• [Try it]: Starting at the line that contains "Volkswagen Tiguan R-line", retype each line to the end of the listing below. Include both ends, but not the pictures.

• [Provided material]:
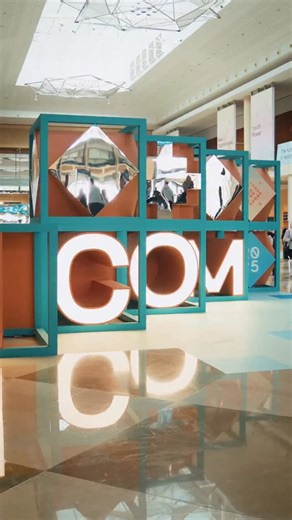 The closing ceremony of the 27th ICOM General Conference celebrated three days of dialogue, discovery, and collaboration to reimagine the role of museums in a rapidly changing world. As the community returns home, we hope Dubai stays with you the way these conversations will stay with us. #ICOM #ICOM_UAE #DubaiCulture احتفى الحفل الختامي للمؤتمر العام ال27 للمجلس الدولي للمتاحف (آيكوم) بثلاثة أيام مليئة بالحوار والاكتشاف والتعاون لإعادة صياغة دور المتاحف في عالمنا المتغيّر. ومع عودة أعضاء مجتمع 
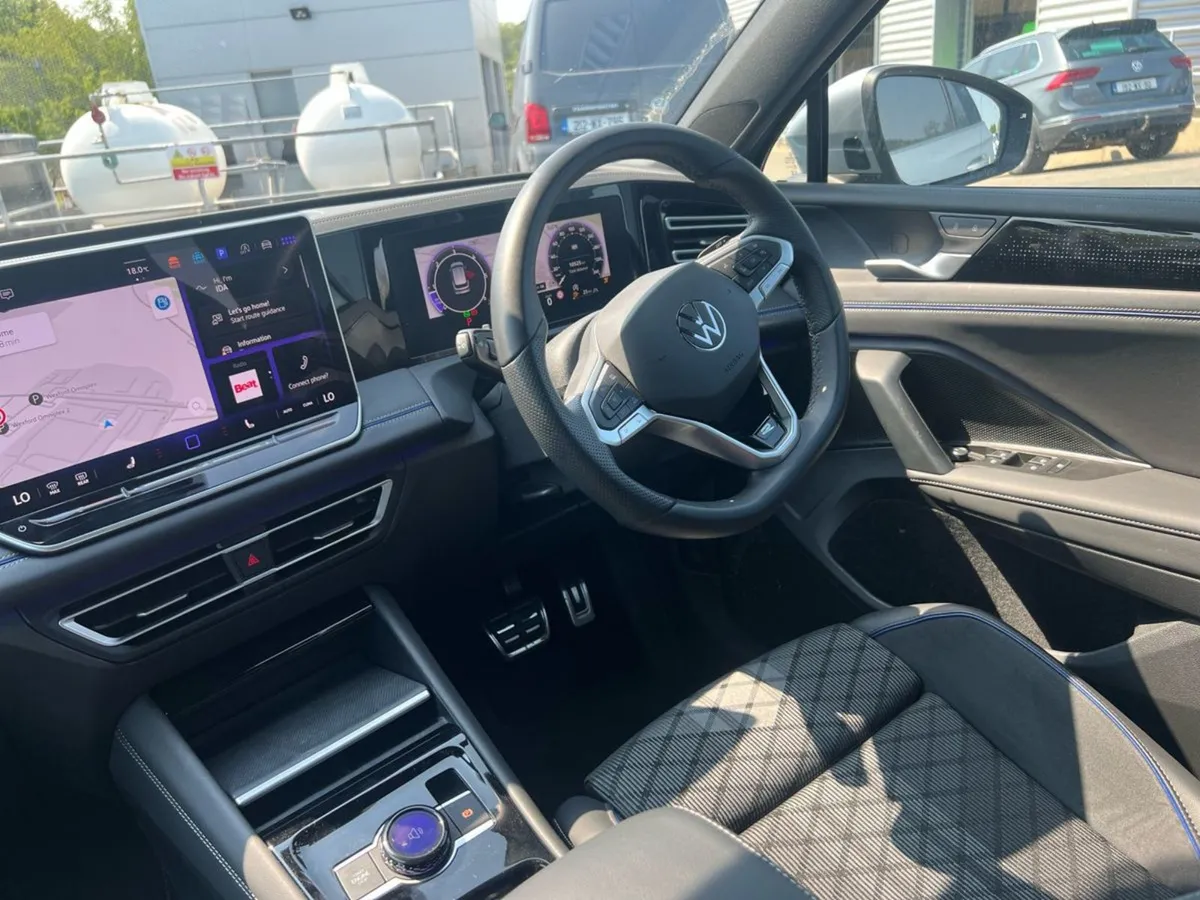 Volkswagen Tiguan R-line 2.0tdi 150HP Auto - Image 3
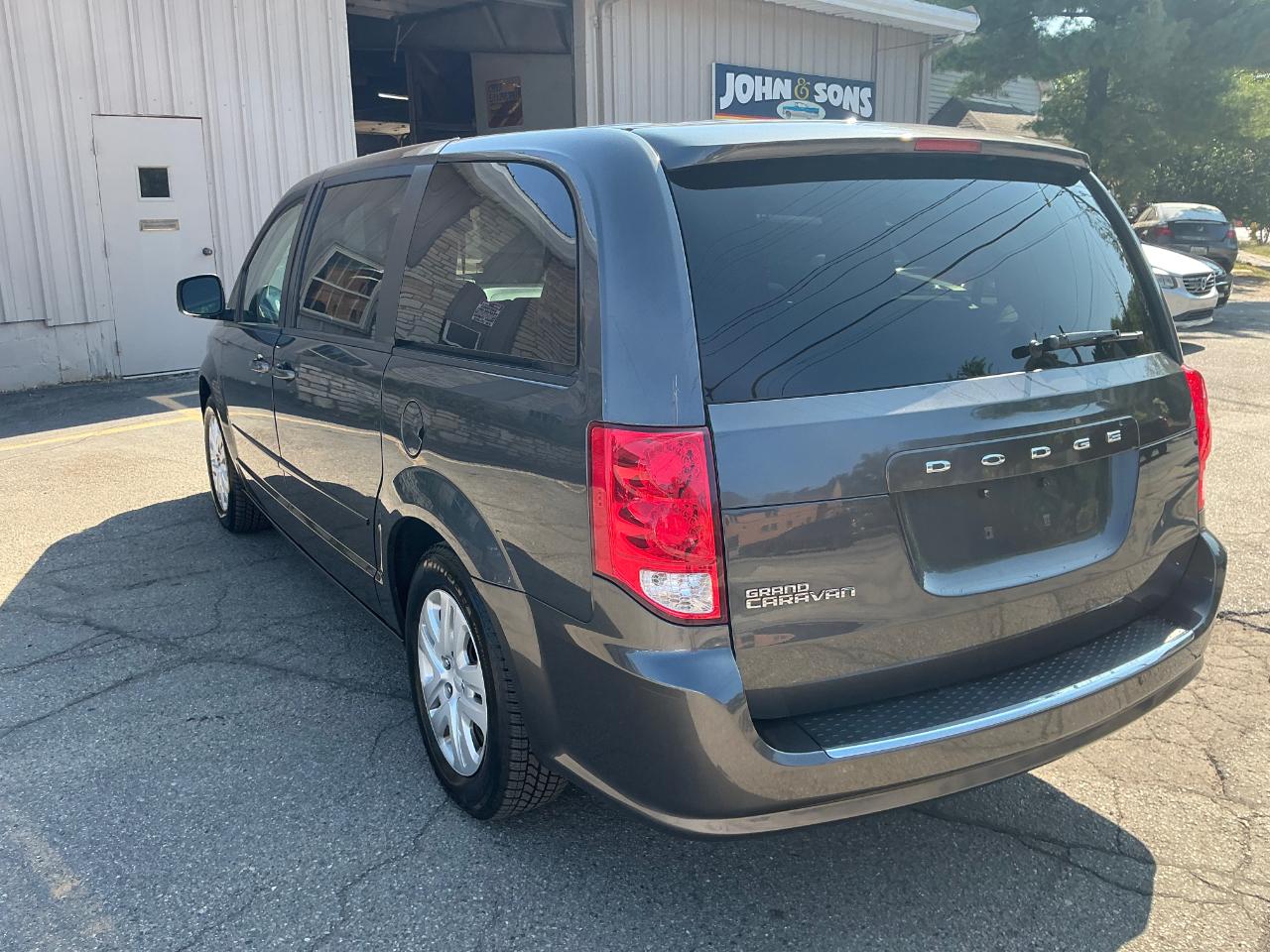 Dodge Grand Caravan SE 2015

• [Solution to this problem]:
 Volkswagen Tiguan R-line 2.0tdi 150HP Auto - Image 3
 Dodge Grand Caravan SE 2015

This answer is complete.